簡単な構造の「2023年BUG1号」完成
       



□↑(23BUG−12) 2023年1月に完成。速度調整はミノムシクリップで□


2017年酉年に作った簡単バグ・キーの短点部接点を機械式から磁石とリード・リレーに置きかえることでさらに簡単する目的で取り組んだ仮称「2023年BUG1号」の完成です。
■L型アルミアングルはふにゃふにゃせず、ある程度の強度をもたせるため2ミリ厚のものをむりやりにカット・曲げ加工しましたので少し手間がかかってしまいました。

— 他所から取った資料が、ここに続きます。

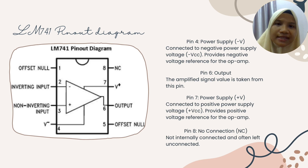Pin 6 is the output pin — this is the pin where we read the output voltage. Pin 7 is the positive power supply pin, similar to pin 4 but for positive voltage. It is connected to the positive power supply voltage, providing a positive voltage reference for the op-amp.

この部分はホームセンターなどで手頃な金具を探して利用してもよいかもしれません。
■単純な構造ながら一応バグ・キーとしての機能は果たしてくれるので実際の電信交信でも安心して使える操作感があります。
■速度調整は振動板にミノムシクリップを挟み、前後に移動させると短点の速度が変わるので、それに合わせた速さて長点の操作をすることでおよそ、和文40〜80文字/分、欧文で70〜90文字程度の速度変化ができました。
■木板だけでは机などに固定しなければノブ操作で本体が左右に動いてしまうので、ホームセンターで購入した約18cm×8cm、厚さ0.8mmぐらいの鉄板を10枚重ね、1キログラムの”おもり”として張り付けています。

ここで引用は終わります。